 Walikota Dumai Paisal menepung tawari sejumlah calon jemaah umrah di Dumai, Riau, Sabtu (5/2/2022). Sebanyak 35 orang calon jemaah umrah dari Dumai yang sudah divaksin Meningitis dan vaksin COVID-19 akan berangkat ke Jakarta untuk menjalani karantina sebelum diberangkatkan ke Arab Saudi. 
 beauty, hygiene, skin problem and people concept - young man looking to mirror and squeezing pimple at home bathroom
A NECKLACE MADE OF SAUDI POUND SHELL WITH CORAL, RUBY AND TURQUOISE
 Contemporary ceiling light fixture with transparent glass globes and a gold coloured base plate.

--

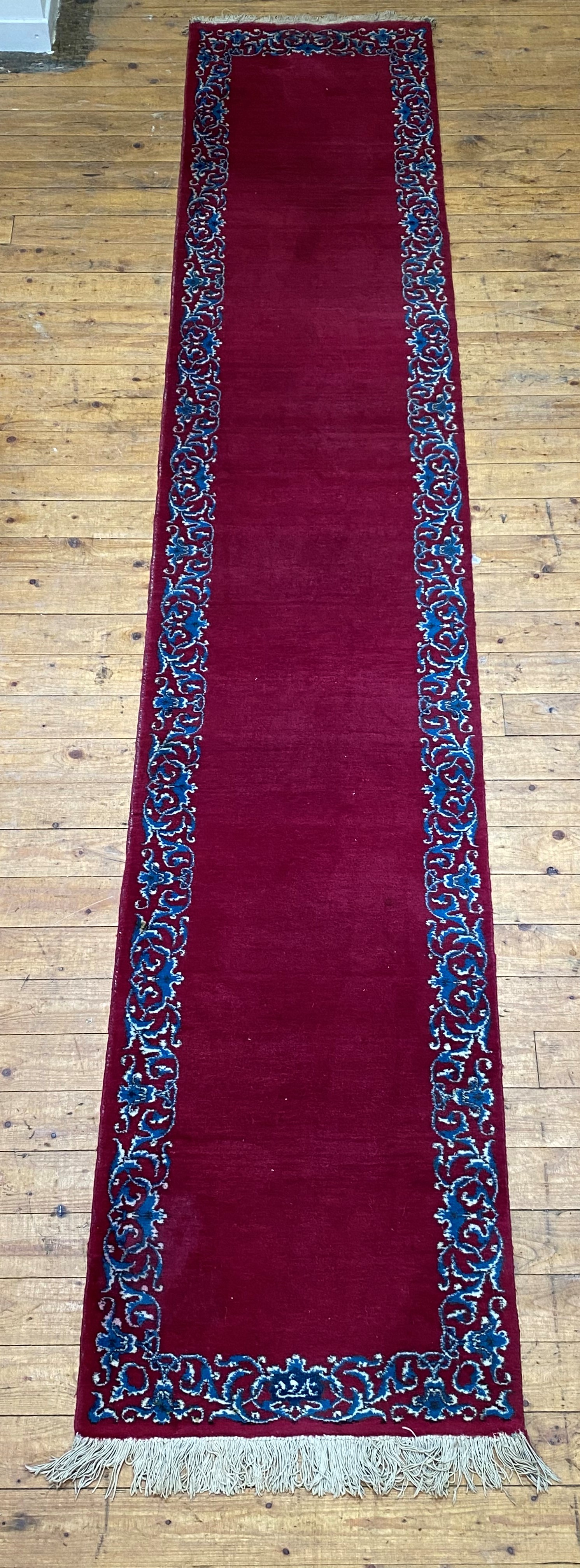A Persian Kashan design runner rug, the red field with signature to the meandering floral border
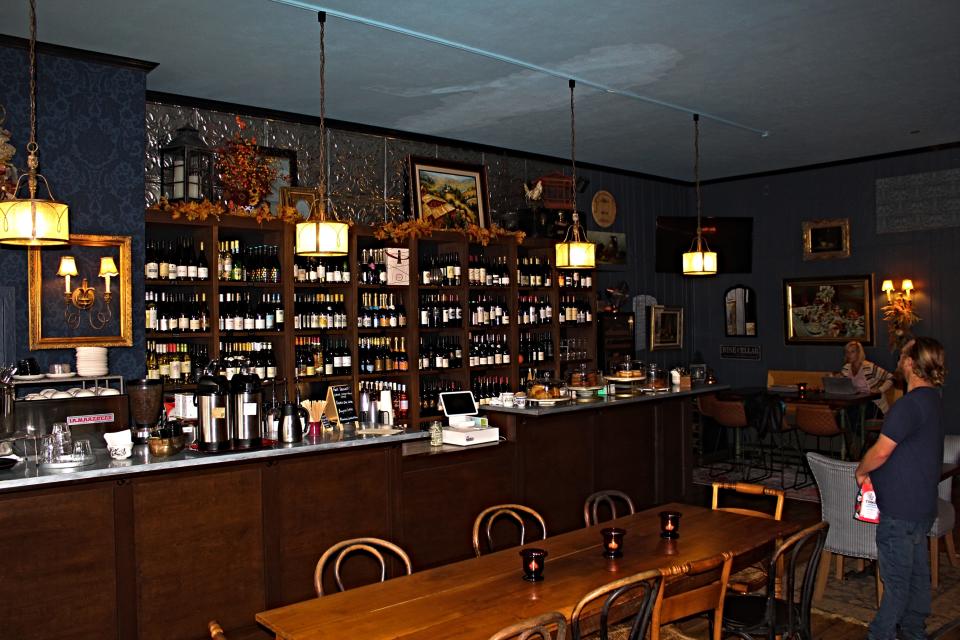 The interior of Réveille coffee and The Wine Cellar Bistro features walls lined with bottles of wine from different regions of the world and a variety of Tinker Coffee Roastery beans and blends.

● Your assignment
Output only the lines above from the line that holds "A Persian Kashan" through the line that holds "The interior of", both ends included, and exclude pictures.

● Answer to this task
A Persian Kashan design runner rug, the red field with signature to the meandering floral border
 The interior of Réveille coffee and The Wine Cellar Bistro features walls lined with bottles of wine from different regions of the world and a variety of Tinker Coffee Roastery beans and blends.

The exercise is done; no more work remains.